── DATA BELOW

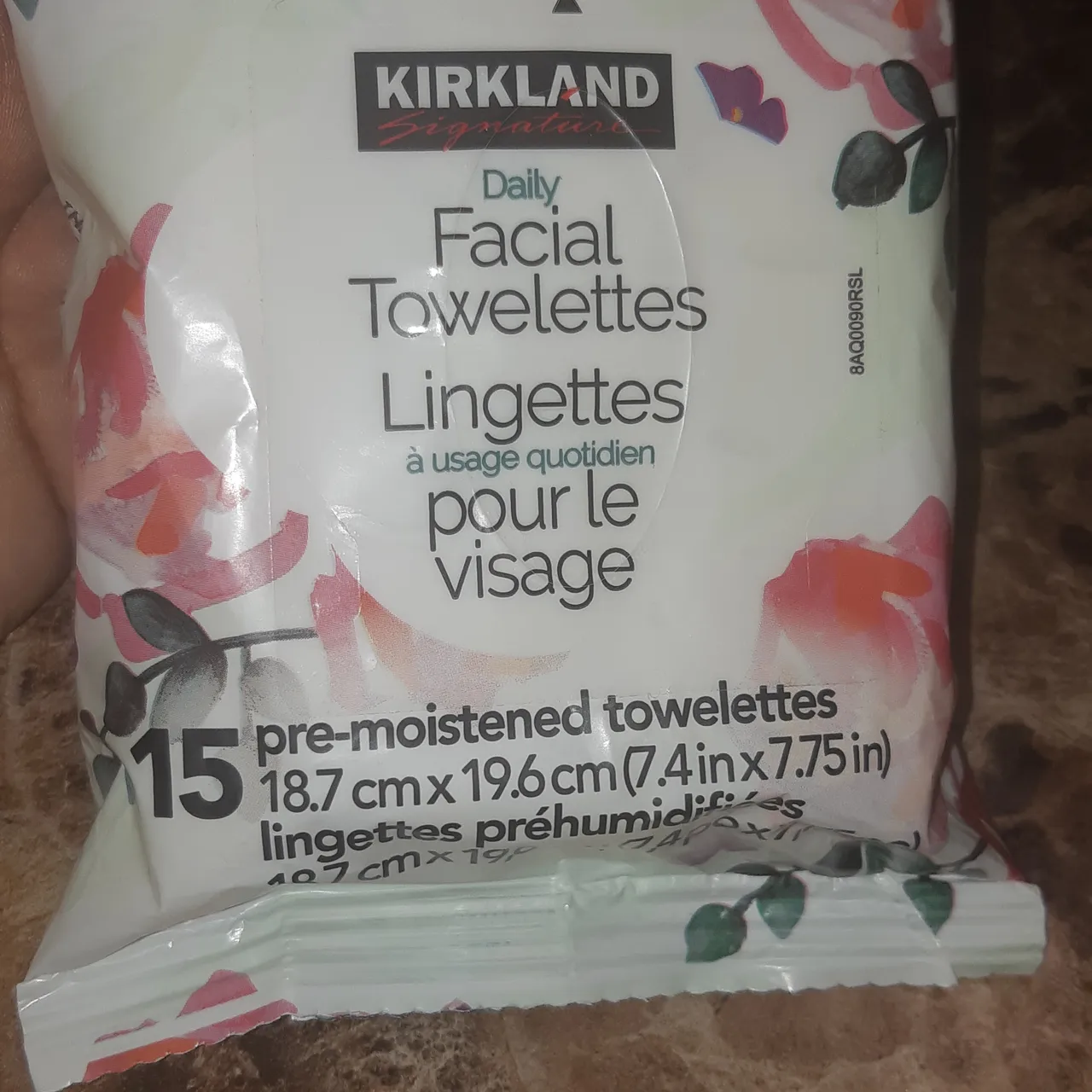 Kirkland daily facial Towelettes  photo 1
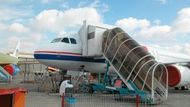 Na ploše v Toulouse už stojí první ze tří airbusů pro ČSA, ještě je ale prázdný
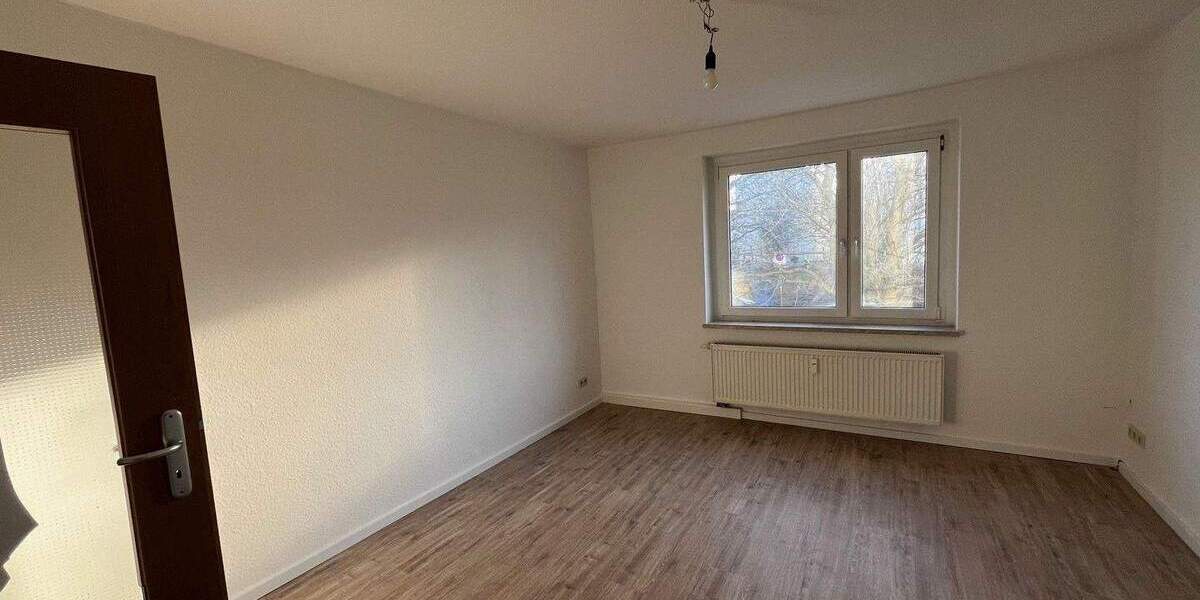 Etagenwohnung Zwickau Marienthal - 3 Zimmer, 55 m&sup2;, 380&euro; | Angebot:25799992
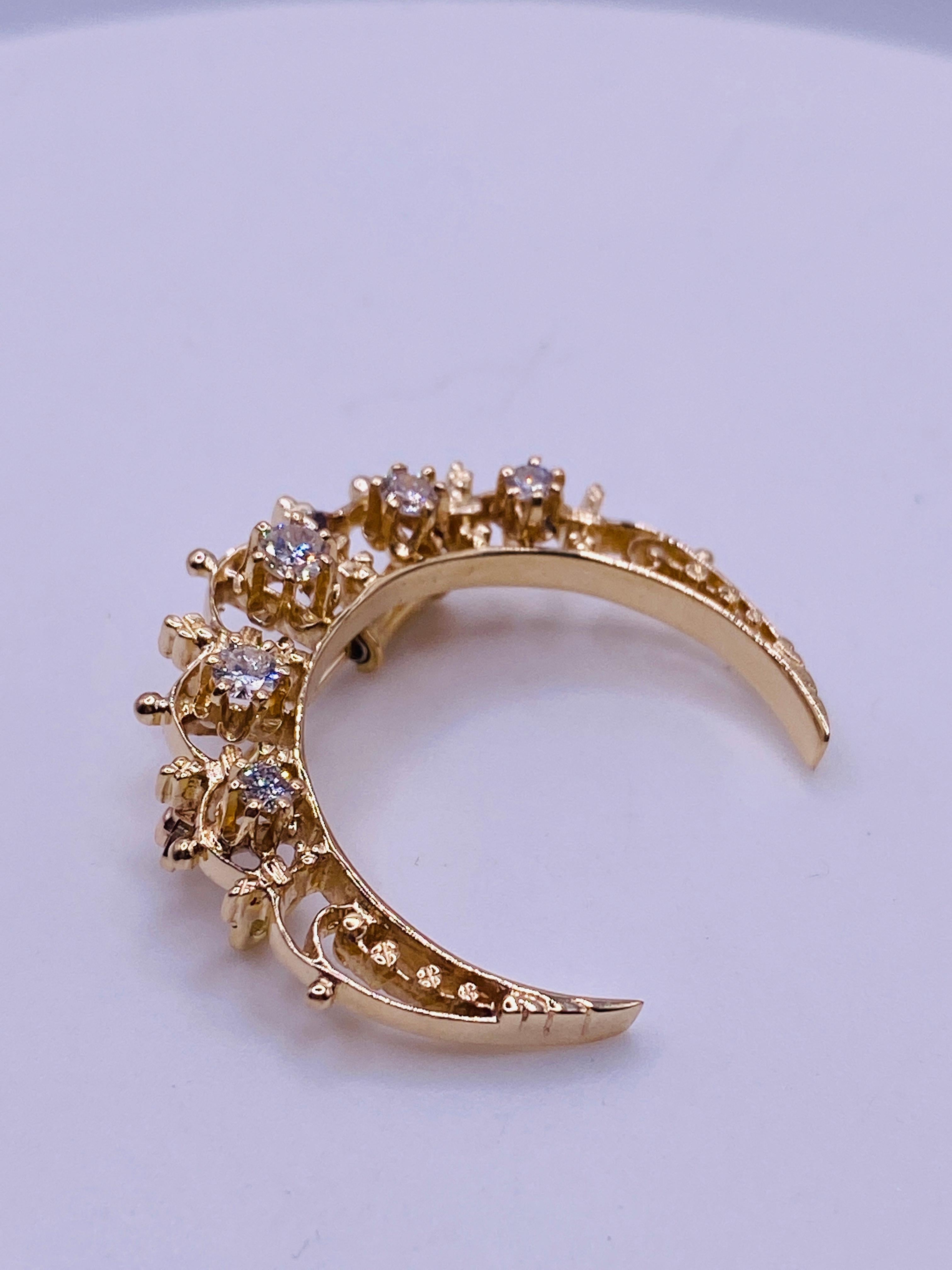 Estate 14k yellow gold 0.25 carat total weight diamond pin pendant. 30x35mm. 3.5Dwt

────

When you reach a picture, pass over it; write out all other material exactly.

 Kirkland daily facial Towelettes  photo 1
 Na ploše v Toulouse už stojí první ze tří airbusů pro ČSA, ještě je ale prázdný
 Etagenwohnung Zwickau Marienthal - 3 Zimmer, 55 m&sup2;, 380&euro; | Angebot:25799992
 Estate 14k yellow gold 0.25 carat total weight diamond pin pendant. 30x35mm. 3.5Dwt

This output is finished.